The problem with absorption panels- it kills the fine details


If you’ve ever removed your absorption panels, you’ll find that you’ll hear a lot more detail and there is more openness. Truth is all those fine pressure amplitudes that add so much to enjoyable listening are considerably extinguished with absorption panels. The room seems quieter with absorption panels because all the fine detail is diminished.

It sounds different, so people think it sounds better. Absorption panels can kill good sounding music. I removed most of the absorption panels, and things actually sounded better. All the furniture in the room and the bookshelves were doing their thing in a great way. So I’ve concluded I really don’t need all that crap on the walls.

emergingsoul

over doing it with acoustic panels can deaden the sound too much.  however unless the panels block the direct radiating sound of your speakers you are not losing detail.  what you are losing is sound reflected by adjacent surfaces mixing with the direct sound, slightly out of phase causing a bit of distortion that sounds like added detail. 

my room has 4 absorption / diffusion panels on the wall behind the speakers.  i left 1 foot gaps between the panels to allow some reflection.  

i have no side or ceiling panels, my speakers are far enough from side walls to avoid side reflections.  i hear plenty of detail and have a smooth response.  

rooms that have panels on every open inch of wall and ceiling space are over doing it.  

Honestly, you don’t need any of this crap.
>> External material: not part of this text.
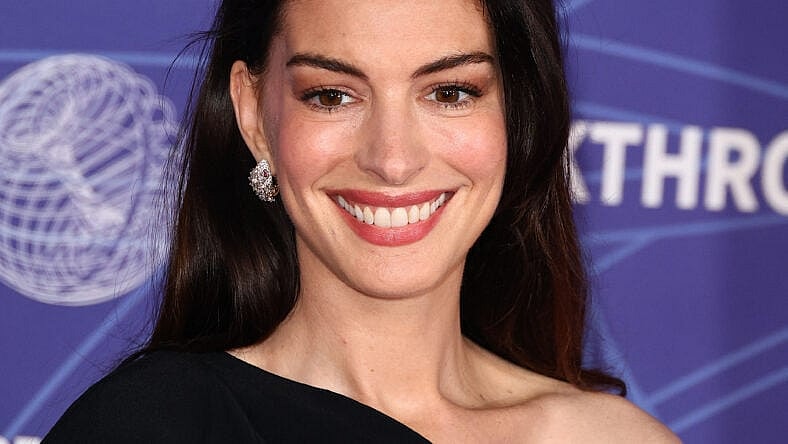 Anne Hathaway attends the 12th Breakthrough Prize in Los Angeles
If your room is avg, meaning normal furnishings ( carpet, upholstered furniture, some hard surfaces, pillows & throws, maybe a wall tapestry, etc....u get the point...).

@avanti1960 

Its not usually about reflections giving fake detail though they create a sense of space. It's normally about absorption causing suck out in the room response whether you can hear the direct or not. Detail is not only first arrival it's subtle details in sustain, etc.  Get suck out and you get masking from louder sounds at other frequencies.

where is a good place to begin to find out how to properly treat a specific room?

I have a fairly large area (media room over a 3 car garage) with wood floors.  Just picked up some new (to me) La Scalas and not getting the wow factor I was hoping for.  

We have plans to put a big heavy area rug in between the speakers and main listening position and wouldn't mind putting a couple panels up, but I'd like to avoid the look of panels everywhere if possible.